*** Opening of PROVIDED RECORDS ***
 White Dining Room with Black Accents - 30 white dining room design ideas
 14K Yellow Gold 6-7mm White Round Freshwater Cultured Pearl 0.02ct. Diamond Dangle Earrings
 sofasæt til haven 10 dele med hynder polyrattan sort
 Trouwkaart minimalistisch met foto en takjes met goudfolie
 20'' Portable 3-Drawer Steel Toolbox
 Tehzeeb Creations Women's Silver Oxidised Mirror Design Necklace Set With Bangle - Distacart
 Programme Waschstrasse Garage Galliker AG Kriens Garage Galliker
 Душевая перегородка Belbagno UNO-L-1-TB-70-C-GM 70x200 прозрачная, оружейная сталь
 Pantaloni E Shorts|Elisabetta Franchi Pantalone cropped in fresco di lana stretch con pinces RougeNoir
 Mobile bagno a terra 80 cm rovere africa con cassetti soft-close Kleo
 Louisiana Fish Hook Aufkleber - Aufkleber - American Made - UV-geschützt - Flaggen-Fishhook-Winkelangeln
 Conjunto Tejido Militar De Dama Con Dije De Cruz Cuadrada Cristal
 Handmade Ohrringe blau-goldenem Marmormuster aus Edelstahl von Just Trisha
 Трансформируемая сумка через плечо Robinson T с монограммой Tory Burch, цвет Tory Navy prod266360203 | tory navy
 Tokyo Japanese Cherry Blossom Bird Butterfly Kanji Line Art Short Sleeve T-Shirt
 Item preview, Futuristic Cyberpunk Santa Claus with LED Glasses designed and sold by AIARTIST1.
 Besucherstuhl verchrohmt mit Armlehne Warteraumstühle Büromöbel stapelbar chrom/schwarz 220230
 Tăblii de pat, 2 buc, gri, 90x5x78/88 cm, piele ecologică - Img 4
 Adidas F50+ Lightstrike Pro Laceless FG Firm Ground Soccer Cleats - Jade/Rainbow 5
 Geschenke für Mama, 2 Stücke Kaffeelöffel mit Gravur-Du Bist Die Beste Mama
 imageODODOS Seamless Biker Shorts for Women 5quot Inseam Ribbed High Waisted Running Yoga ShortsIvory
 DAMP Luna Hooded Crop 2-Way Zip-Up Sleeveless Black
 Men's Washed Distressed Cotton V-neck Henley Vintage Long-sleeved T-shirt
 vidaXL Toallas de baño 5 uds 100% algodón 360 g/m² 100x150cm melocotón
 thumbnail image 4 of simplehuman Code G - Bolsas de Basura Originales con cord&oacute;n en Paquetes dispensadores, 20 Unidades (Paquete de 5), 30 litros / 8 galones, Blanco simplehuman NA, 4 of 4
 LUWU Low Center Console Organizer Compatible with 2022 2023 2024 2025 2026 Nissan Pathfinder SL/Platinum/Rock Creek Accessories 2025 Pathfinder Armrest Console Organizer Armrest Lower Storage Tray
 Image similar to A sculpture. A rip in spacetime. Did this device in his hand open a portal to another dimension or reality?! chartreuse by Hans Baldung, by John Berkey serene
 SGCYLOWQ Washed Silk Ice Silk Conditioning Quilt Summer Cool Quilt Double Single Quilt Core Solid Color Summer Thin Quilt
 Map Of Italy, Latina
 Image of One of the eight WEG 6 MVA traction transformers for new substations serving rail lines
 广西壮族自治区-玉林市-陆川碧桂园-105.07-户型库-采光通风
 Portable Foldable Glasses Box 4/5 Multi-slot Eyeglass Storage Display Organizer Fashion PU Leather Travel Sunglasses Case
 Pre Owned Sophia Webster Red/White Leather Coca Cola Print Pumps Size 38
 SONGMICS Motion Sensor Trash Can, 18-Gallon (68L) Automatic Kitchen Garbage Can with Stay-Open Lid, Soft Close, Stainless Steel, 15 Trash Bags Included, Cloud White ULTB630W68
*** Close of PROVIDED RECORDS ***
■ WORK REQUEST: Above are the records; reproduce all of them exactly.

■ ANSWER BELOW:
 White Dining Room with Black Accents - 30 white dining room design ideas
 14K Yellow Gold 6-7mm White Round Freshwater Cultured Pearl 0.02ct. Diamond Dangle Earrings
 sofasæt til haven 10 dele med hynder polyrattan sort
 Trouwkaart minimalistisch met foto en takjes met goudfolie
 20'' Portable 3-Drawer Steel Toolbox
 Tehzeeb Creations Women's Silver Oxidised Mirror Design Necklace Set With Bangle - Distacart
 Programme Waschstrasse Garage Galliker AG Kriens Garage Galliker
 Душевая перегородка Belbagno UNO-L-1-TB-70-C-GM 70x200 прозрачная, оружейная сталь
 Pantaloni E Shorts|Elisabetta Franchi Pantalone cropped in fresco di lana stretch con pinces RougeNoir
 Mobile bagno a terra 80 cm rovere africa con cassetti soft-close Kleo
 Louisiana Fish Hook Aufkleber - Aufkleber - American Made - UV-geschützt - Flaggen-Fishhook-Winkelangeln
 Conjunto Tejido Militar De Dama Con Dije De Cruz Cuadrada Cristal
 Handmade Ohrringe blau-goldenem Marmormuster aus Edelstahl von Just Trisha
 Трансформируемая сумка через плечо Robinson T с монограммой Tory Burch, цвет Tory Navy prod266360203 | tory navy
 Tokyo Japanese Cherry Blossom Bird Butterfly Kanji Line Art Short Sleeve T-Shirt
 Item preview, Futuristic Cyberpunk Santa Claus with LED Glasses designed and sold by AIARTIST1.
 Besucherstuhl verchrohmt mit Armlehne Warteraumstühle Büromöbel stapelbar chrom/schwarz 220230
 Tăblii de pat, 2 buc, gri, 90x5x78/88 cm, piele ecologică - Img 4
 Adidas F50+ Lightstrike Pro Laceless FG Firm Ground Soccer Cleats - Jade/Rainbow 5
 Geschenke für Mama, 2 Stücke Kaffeelöffel mit Gravur-Du Bist Die Beste Mama
 imageODODOS Seamless Biker Shorts for Women 5quot Inseam Ribbed High Waisted Running Yoga ShortsIvory
 DAMP Luna Hooded Crop 2-Way Zip-Up Sleeveless Black
 Men's Washed Distressed Cotton V-neck Henley Vintage Long-sleeved T-shirt
 vidaXL Toallas de baño 5 uds 100% algodón 360 g/m² 100x150cm melocotón
 thumbnail image 4 of simplehuman Code G - Bolsas de Basura Originales con cord&oacute;n en Paquetes dispensadores, 20 Unidades (Paquete de 5), 30 litros / 8 galones, Blanco simplehuman NA, 4 of 4
 LUWU Low Center Console Organizer Compatible with 2022 2023 2024 2025 2026 Nissan Pathfinder SL/Platinum/Rock Creek Accessories 2025 Pathfinder Armrest Console Organizer Armrest Lower Storage Tray
 Image similar to A sculpture. A rip in spacetime. Did this device in his hand open a portal to another dimension or reality?! chartreuse by Hans Baldung, by John Berkey serene
 SGCYLOWQ Washed Silk Ice Silk Conditioning Quilt Summer Cool Quilt Double Single Quilt Core Solid Color Summer Thin Quilt
 Map Of Italy, Latina
 Image of One of the eight WEG 6 MVA traction transformers for new substations serving rail lines
 广西壮族自治区-玉林市-陆川碧桂园-105.07-户型库-采光通风
 Portable Foldable Glasses Box 4/5 Multi-slot Eyeglass Storage Display Organizer Fashion PU Leather Travel Sunglasses Case
 Pre Owned Sophia Webster Red/White Leather Coca Cola Print Pumps Size 38
 SONGMICS Motion Sensor Trash Can, 18-Gallon (68L) Automatic Kitchen Garbage Can with Stay-Open Lid, Soft Close, Stainless Steel, 15 Trash Bags Included, Cloud White ULTB630W68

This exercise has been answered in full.